映画『何者』が傑作だったから紹介したい。
いや、これ、本当によかった。おすすめです。
映画『何者』。
原作は、『桐島、部活やめるってよ』などで有名な、朝井リョウさん。
公開日は昨年、2016年10月。
タイミング的に、『シン・ゴジラ』や『君の名は。』に隠れてしまって、そこまで話題にならなかった、けれど、佐藤健、有村架純、菅田将暉……といった、いわゆる大物俳優女優が出演しており、本来ならば、もっと話題になっていたはず。――そう思わずにはいられないほど、「こいつは傑作じゃないか」と思いました。
すいませんが、原作の小説は読んでいないのですが――映画『何者』がどういう話かというと、これは端的にいえば、
『就職活動とTwitterを通して、現代の若者像を観る』、
そんな作品。
ここ数年、“若者”と“絶望”という言葉がセットで使われているのを、そんな場面を、よく見かけるようになりました。『何者』も、そのような暗めで悲観的な空気感が、話全体に漂っているのですが、ラストシーンは見事な“希望”で締めくくります。
これは実に見事な“希望”でした。
以下、劇中のセリフ。
「頭のなかにあるうちは、いつだって、なんだって、傑作なんだよな。お前はずっと、その中から出られないんだよ。」
意識高い系であったり、ネット上での万能感……などなど、
「じゃあ、その頭の中にあるものを、現実世界にさらけだしてみろよ。世の中に採点してもらえよ」
いや、わかっちゃいるけど、けっこうそれは勇気がいる、怖いことである。
他者や世の中に未提出、未評価であるうちは、まだそれが0点なのか100点なのか、わからない。その時点ではまだ、傑作である可能性が残されており、また、この状態を維持していれば、否定されなくてすむ。

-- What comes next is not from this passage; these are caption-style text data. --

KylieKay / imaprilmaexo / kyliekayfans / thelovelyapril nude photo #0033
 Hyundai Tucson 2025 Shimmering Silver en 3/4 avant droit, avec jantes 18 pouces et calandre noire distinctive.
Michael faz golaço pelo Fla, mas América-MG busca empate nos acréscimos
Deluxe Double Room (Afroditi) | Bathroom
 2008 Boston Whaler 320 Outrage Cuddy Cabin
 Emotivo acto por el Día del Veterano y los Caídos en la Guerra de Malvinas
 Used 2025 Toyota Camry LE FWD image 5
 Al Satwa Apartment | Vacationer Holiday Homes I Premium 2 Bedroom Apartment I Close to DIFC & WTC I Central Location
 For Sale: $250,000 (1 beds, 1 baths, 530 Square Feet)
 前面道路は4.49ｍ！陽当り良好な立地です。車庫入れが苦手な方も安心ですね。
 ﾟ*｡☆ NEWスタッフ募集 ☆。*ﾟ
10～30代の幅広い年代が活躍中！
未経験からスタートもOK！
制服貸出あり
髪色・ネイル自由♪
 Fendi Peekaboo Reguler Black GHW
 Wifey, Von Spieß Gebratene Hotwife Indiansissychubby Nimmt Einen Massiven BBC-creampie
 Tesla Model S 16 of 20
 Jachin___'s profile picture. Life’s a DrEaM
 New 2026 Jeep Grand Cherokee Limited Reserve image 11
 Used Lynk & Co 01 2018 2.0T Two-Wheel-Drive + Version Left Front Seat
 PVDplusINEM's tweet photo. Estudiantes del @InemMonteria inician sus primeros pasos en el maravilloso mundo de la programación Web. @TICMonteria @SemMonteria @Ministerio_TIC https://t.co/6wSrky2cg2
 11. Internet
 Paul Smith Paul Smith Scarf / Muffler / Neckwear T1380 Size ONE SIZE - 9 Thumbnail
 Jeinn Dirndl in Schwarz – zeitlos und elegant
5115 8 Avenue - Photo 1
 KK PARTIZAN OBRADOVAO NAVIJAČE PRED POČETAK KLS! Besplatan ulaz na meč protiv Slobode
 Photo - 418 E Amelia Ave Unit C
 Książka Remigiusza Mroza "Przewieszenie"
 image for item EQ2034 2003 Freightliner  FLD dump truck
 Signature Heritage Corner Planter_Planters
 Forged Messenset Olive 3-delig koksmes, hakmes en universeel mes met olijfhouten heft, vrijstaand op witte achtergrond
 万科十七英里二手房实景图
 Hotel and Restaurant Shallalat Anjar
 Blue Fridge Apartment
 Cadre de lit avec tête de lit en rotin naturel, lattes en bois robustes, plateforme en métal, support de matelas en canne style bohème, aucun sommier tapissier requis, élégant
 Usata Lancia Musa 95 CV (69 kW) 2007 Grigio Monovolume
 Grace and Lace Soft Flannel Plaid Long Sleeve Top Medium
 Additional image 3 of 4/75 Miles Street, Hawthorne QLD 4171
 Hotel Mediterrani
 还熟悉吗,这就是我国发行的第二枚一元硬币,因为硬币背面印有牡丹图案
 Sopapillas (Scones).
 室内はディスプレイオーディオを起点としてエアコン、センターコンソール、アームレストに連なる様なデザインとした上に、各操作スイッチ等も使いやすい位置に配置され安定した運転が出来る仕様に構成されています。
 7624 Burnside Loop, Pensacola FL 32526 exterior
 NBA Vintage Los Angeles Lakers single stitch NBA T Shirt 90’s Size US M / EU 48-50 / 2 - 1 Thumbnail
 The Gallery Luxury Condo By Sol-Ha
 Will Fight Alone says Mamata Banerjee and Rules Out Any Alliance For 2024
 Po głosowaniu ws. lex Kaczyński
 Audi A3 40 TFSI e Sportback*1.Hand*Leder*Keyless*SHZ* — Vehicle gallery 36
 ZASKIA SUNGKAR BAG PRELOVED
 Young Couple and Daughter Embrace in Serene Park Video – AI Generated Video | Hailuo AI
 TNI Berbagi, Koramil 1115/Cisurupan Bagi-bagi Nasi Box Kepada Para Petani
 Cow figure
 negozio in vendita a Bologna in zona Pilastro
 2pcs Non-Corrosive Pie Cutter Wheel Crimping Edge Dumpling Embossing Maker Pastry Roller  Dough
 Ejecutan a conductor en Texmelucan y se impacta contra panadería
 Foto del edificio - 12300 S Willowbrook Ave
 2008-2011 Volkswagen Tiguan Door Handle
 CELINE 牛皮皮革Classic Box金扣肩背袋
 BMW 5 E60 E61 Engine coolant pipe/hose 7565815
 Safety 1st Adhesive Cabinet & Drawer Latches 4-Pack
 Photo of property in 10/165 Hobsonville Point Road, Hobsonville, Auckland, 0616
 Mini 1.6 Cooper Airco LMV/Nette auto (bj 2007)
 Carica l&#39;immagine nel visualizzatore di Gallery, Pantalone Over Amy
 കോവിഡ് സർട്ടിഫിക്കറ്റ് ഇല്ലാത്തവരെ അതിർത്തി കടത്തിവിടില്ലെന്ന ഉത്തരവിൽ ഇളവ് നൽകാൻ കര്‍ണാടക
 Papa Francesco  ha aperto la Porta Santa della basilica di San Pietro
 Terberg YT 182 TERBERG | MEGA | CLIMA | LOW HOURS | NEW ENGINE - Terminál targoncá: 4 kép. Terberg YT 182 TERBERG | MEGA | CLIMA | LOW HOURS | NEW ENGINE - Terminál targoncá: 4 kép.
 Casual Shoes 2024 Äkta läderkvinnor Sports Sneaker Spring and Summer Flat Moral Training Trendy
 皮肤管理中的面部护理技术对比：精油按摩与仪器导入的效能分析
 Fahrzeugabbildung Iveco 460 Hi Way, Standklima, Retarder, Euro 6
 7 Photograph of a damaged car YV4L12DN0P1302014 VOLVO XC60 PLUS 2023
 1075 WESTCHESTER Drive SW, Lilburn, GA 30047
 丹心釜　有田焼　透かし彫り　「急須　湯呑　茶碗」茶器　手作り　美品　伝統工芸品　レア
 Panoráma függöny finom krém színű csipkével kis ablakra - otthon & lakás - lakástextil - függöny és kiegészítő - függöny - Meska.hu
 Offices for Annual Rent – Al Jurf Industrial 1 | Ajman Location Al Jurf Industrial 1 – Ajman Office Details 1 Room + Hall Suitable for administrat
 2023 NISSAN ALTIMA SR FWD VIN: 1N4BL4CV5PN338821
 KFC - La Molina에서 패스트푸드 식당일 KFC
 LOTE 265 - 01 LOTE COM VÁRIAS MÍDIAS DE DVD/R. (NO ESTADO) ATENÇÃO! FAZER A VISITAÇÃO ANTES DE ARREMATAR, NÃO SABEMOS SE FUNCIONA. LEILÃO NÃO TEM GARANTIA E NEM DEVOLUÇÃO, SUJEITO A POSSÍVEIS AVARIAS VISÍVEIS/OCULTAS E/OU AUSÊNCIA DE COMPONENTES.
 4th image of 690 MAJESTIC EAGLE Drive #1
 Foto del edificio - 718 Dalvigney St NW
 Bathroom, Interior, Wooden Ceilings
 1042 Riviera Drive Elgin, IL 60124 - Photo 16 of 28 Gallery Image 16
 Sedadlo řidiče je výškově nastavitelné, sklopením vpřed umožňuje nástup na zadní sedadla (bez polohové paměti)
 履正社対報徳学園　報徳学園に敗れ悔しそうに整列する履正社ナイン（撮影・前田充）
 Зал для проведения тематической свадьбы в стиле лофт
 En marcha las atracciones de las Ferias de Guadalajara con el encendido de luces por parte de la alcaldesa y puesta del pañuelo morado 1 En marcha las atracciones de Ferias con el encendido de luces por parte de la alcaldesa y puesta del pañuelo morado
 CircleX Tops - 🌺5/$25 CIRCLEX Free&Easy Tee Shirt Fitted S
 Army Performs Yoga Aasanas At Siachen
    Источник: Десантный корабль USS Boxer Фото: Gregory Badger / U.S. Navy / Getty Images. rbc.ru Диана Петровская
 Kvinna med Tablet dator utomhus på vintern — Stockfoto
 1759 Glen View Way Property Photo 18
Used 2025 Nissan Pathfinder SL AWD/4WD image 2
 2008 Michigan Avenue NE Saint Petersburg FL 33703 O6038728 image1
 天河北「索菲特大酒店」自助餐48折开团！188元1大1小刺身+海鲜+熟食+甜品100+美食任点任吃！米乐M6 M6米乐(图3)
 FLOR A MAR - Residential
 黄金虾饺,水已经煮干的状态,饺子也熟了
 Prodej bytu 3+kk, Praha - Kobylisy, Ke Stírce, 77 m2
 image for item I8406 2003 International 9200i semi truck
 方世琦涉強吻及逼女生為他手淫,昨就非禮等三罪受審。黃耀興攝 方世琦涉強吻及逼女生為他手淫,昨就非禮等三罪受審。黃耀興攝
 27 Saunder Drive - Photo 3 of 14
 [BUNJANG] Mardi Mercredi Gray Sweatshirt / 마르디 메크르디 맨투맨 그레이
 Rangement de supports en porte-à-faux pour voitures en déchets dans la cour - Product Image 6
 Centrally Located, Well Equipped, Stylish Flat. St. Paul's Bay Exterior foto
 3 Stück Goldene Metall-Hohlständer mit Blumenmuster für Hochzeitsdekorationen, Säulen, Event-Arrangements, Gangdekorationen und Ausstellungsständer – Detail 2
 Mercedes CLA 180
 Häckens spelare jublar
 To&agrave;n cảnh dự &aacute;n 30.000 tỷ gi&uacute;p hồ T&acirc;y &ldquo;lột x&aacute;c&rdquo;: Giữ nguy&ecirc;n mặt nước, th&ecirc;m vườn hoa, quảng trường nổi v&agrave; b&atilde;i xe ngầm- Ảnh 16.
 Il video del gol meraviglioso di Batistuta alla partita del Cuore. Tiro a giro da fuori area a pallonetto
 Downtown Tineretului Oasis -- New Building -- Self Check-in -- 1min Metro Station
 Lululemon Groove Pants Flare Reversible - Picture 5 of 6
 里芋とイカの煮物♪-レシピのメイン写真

“頭の中にあるうちは傑作”――そこから抜け出さない。というか、怖くて抜け出せない。
ずっと自分を肯定していたい。だから、頭の中に留めておく。
現実に否定されたくない。だから、頭の中に収めておく。
……
……とまぁ、そういう、いろいろなことを考えさせるツライ映画でした。
世の中に採点してもらうことを恐れない。もしも、提出し、それが10点や20点という結果であったとしても、どうやら現代の若者が感じる希望は、そういう危険地帯にあるんじゃないか、そんなふうに思った。